Housing affordability remains the leading reason for adult children returning to their parents’ homes. The survey found that 32% of parents cited high housing costs as the primary factor. The surge in housing prices, coupled with stagnant wages, has left many young adults unable to afford their own homes. Additionally, the average federal student loan debt in 2024 stood at $37,853 per borrower, further complicating financial independence for many young people. These economic factors, combined with an unstable job market, have made it difficult for many to secure steady employment or achieve financial stability.

Life changes such as divorce, medical issues, or career shifts are also contributing to this growing trend. For some, the return home is a temporary solution during a period of transition. While many boomerang kids return due to financial hardship, others do so to save on living costs while pursuing further education or career changes.

The financial burden on parents has been significant. The increased household costs for groceries, utilities, and healthcare are taking a toll, with some families opting to create cost-sharing arrangements.
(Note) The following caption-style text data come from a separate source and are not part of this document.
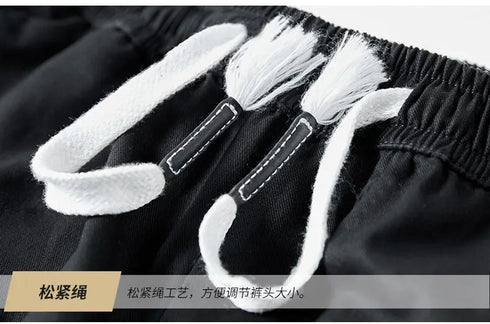 Men's Cargo Shorts Combat Plus Big Size Capris for Summer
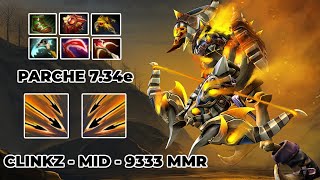 DOTA 2  CLINKZ  MID  734e [upl. by Peder]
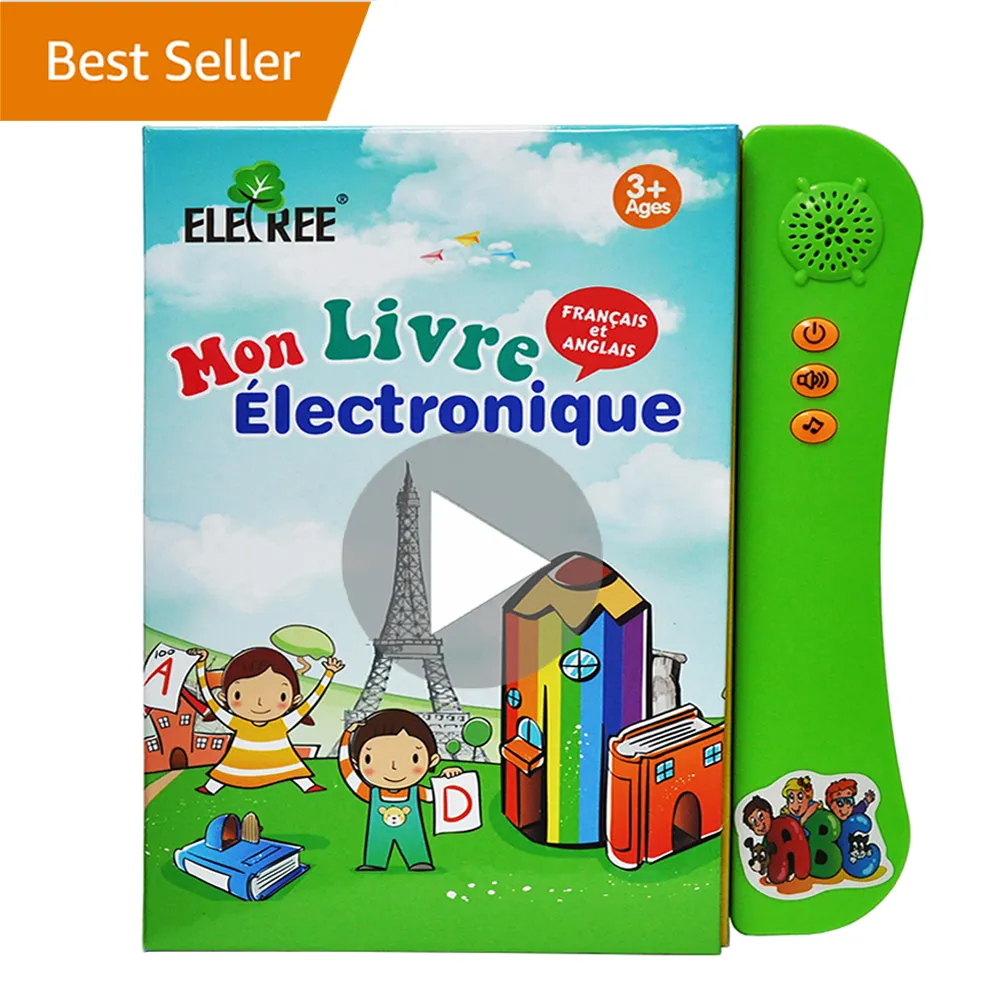 Eletree, venta al por mayor, libros electrónicos <span class=keywords><strong>de</strong></span> aprendizaje para niños, juguetes franceses para niños pequeños
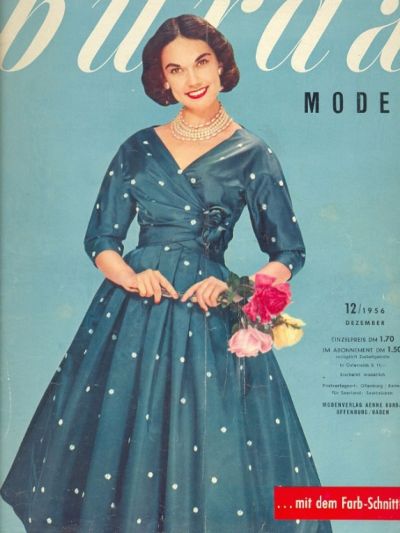 Фотография обложки журнала Burda 12/1956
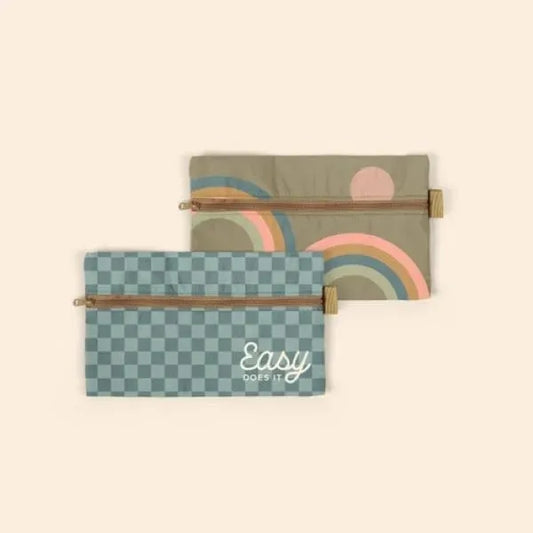 ZIP FRONT POUCHES - 4CP NYLON - MEDIUM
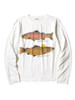 Picture No.1 of KAPITAL 20/- Jersey Crew-Long T-Shirt (2 Trout Peckish Rainbow Ypt) K2508LC004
According to financial advisor Alex Gonzalez, “Taking care of your adult children is an act of love, but it requires a delicate balance between a desire to help and your own financial planning.” In fact, 38% of parents report that their long-term savings, including retirement contributions, have been impacted by the return of their adult children. Another 39% say their short-term financial goals, such as saving for vacations or home renovations, have also been affected.

Parents are also navigating the challenge of providing healthcare for adult children. Many opt to add their children under 26 to their own workplace or Affordable Care Act (ACA) plans, often at an additional cost. In some cases, adult children may qualify for subsidies or Medicaid depending on their income level.
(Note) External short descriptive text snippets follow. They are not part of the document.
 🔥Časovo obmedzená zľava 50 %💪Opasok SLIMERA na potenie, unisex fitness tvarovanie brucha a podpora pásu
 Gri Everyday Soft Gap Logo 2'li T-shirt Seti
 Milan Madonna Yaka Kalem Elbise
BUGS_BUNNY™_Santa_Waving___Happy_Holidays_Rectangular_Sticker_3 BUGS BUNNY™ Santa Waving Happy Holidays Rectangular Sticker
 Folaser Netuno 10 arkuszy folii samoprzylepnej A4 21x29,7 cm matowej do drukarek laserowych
Despite these challenges, experts advise parents not to sacrifice their long-term financial goals for short-term needs. Gonzalez emphasizes the importance of balancing immediate support with future financial security. Financial planners recommend that families set clear expectations and boundaries from the outset and seek professional advice to ensure that the arrangement remains sustainable without compromising financial independence.

As the number of boomerang kids continues to rise, American families are adjusting to the new financial realities of multigenerational living. While the return of adult children can offer emotional support, it is reshaping household dynamics and requires careful financial planning to navigate successfully.